**PROBLEM REQUIREMENTS:** Copy only what lies from the line containing "tna ribbed cropped" through the line containing "Vends appartement 102m²" in the entries below, keeping both end lines exact and dropping every picture.

**SUPPLIED MATERIAL:**
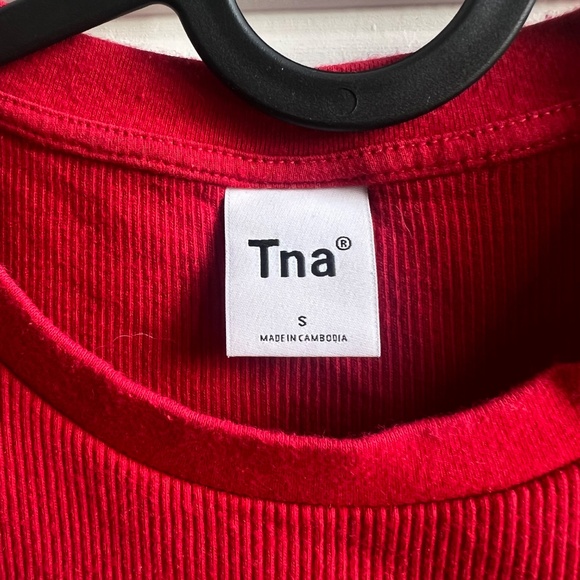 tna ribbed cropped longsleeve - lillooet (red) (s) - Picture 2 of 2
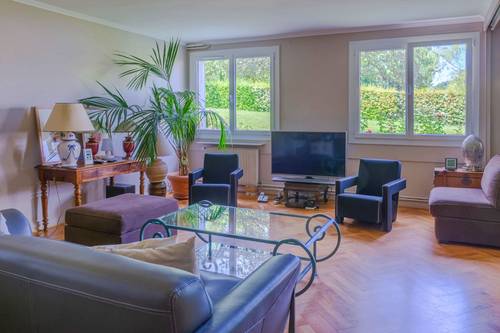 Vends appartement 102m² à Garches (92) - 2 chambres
==
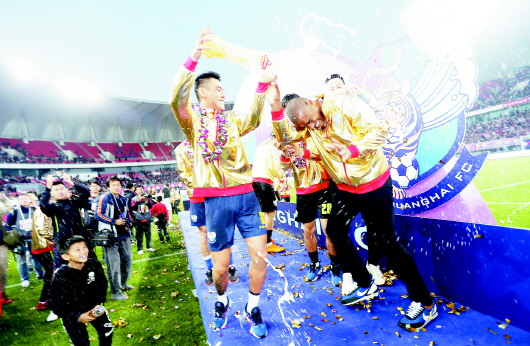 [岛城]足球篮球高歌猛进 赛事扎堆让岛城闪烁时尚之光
==
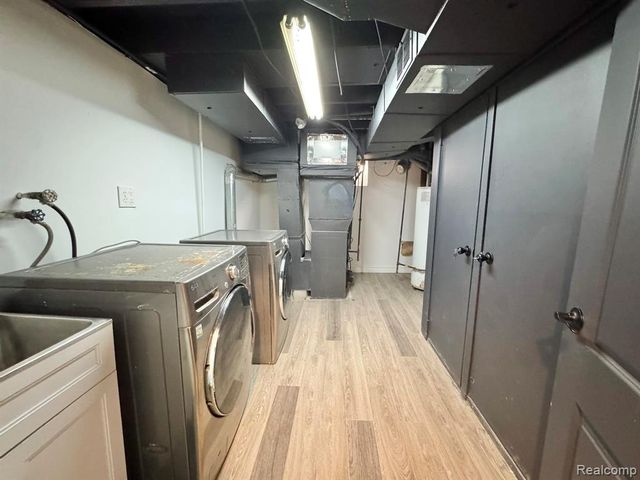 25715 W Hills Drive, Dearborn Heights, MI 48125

**EXERCISE ANSWER:**
 tna ribbed cropped longsleeve - lillooet (red) (s) - Picture 2 of 2
 Vends appartement 102m² à Garches (92) - 2 chambres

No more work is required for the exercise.